2002 composition by Jennifer Higdon

The Concerto for Orchestra is an orchestral composition in five movements by the American composer Jennifer Higdon. The work was commissioned by the Philadelphia Orchestra with contributions from the National Endowment for the Arts, the Philadelphia Music Project, and Peter Benoliel. It was premiered at the Kimmel Center for the Performing Arts in Philadelphia June 12, 2002, with conductor Wolfgang Sawallisch leading the Philadelphia Orchestra.

==Composition==
The Concerto for Orchestra has a duration of roughly 35 minutes and is composed in five numbered movements.

===Instrumentation===
The piece is scored for three flutes (3rd doubling piccolo), three oboes, two clarinets, bass clarinet, two bassoons, contrabassoon, four French horns, three trumpets, three trombones, tuba, harp, piano, celesta, timpani, three percussionists, and strings.

==Reception==
Andrew Farach-Colton of Gramophone praised the Concerto for Orchestra, saying, "One expects a concerto to be virtuosic, and Higdon peppers this one with solos for the first-desk players, while also offering plenty of opportunity for more general orchestral muscle flexing." Reviewing a performance by the Mannes College The New School for Music Orchestra, Allan Kozinn of The New York Times lauded the piece as "accessible but technically demanding" and wrote, "Like the concertos for orchestra by Bartok and Lutoslawski, this is a showpiece that makes demands on every section and often calls for unusual timbres: the quickly descending violin glissandos, which create an almost electronic effect in the third movement, for example, or the eerie bowed percussion sounds that open the fourth." Kozinn further remarked:
Combinations of strings and bells yield a magical, sparkling effect, and some of the woodwind passages approach that spirit from a different direction, with allusions to the brisk descending clarinet lines that animate Bernstein’s "Candide" Overture along the way.

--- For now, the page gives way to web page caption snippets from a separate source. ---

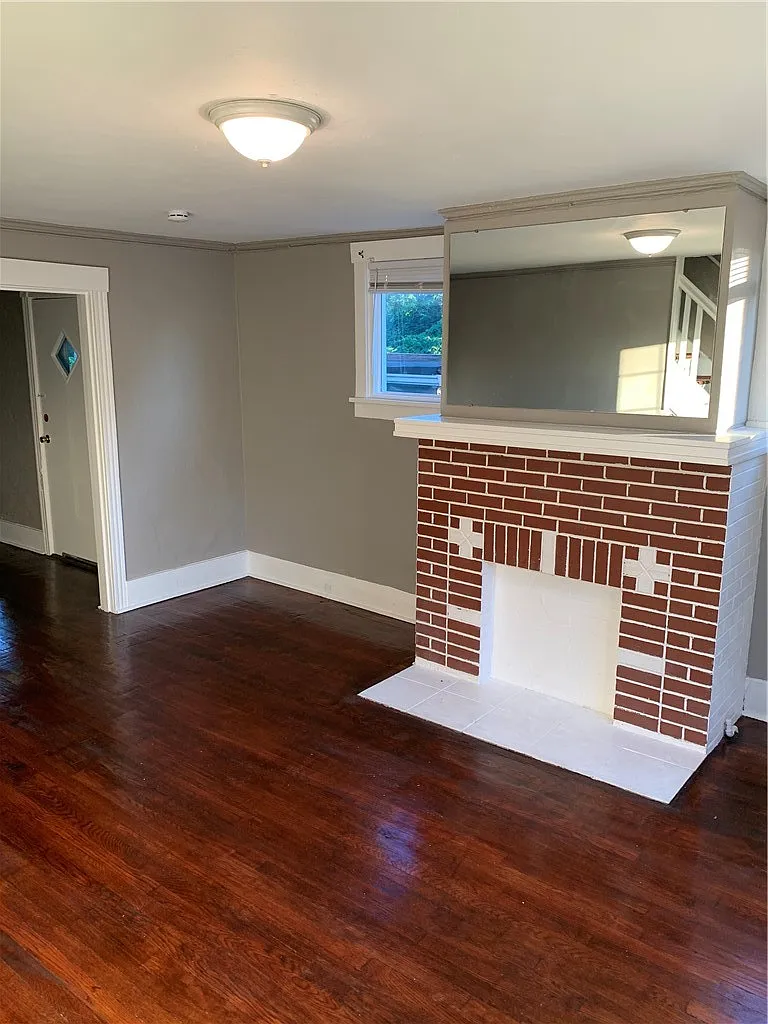 4 bed, 1.5 bath, 1474 sqft, $2,050 — Photo 4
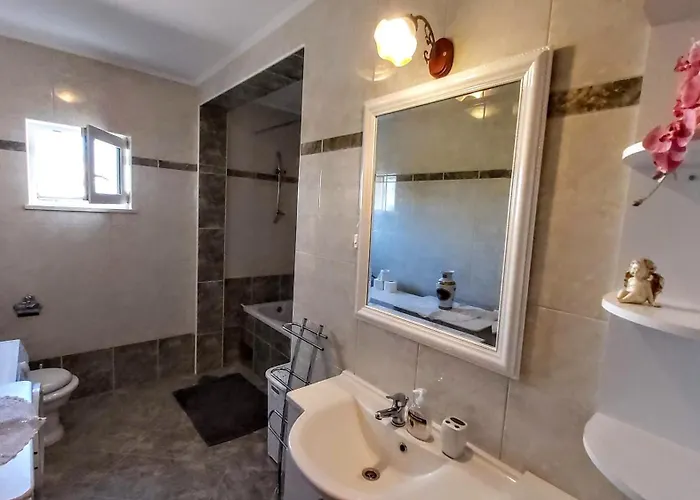 Leon Apartment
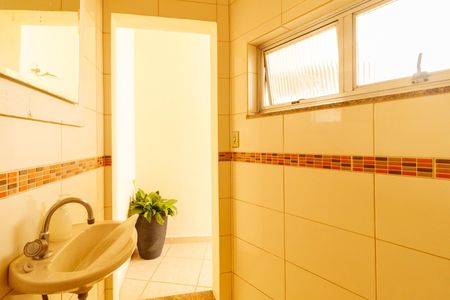 Casa para alugar com 118m², 2 quartos e 2 vagasBanheiro de serviço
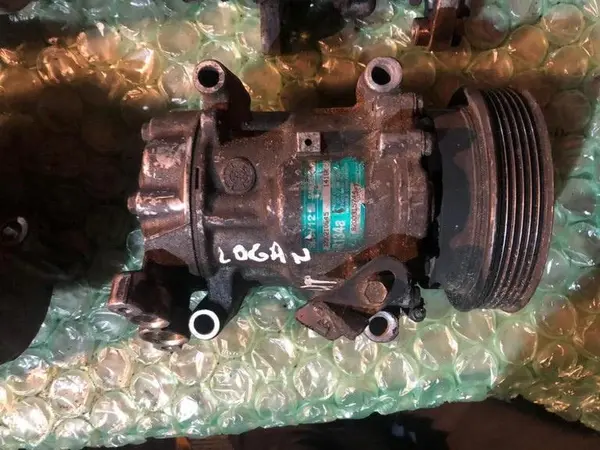 Compresor aer conditionat 8200315744 Renault Megane (1996-2003) 1.5 dci euro 3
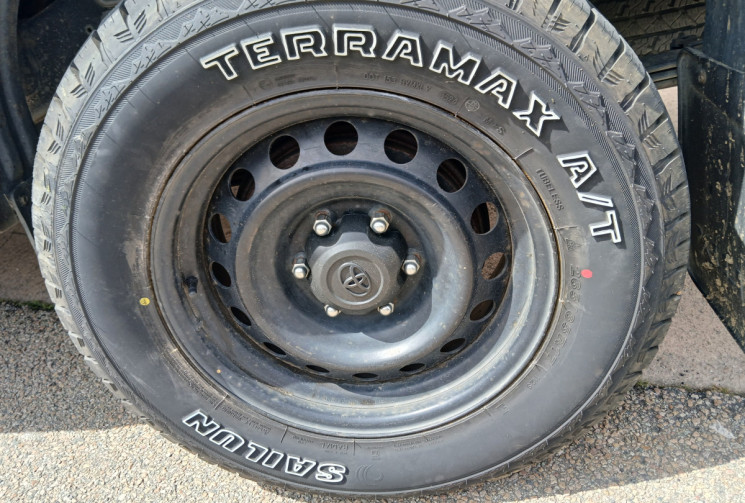 Toyota HILUX 2.4 D-4D 16V DPF Xtra cab LE CAP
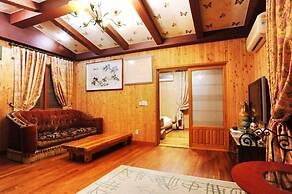 Palace in the Forest Pension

But the work is not just a catalog of fancy effects. Ms. Higdon also provides long stretches of fast-bowed, percussion-supported, muscular orchestral writing, particularly in the opening movement and the finale, when both the score and this young orchestra were at their fiery best.

Conversely, Andrew Clements of The Guardian called the piece "supremely forgettable" and "an example of American contemporary music at its most vacuous, a noisy mishmash of early 20th-century styles".

== Recordings ==
The first recording of this work was released by Telarc on March 23, 2004 with a recording of Higdon's work City Scape (2002). It was performed by the Atlanta Symphony Orchestra under the baton of Robert Spano.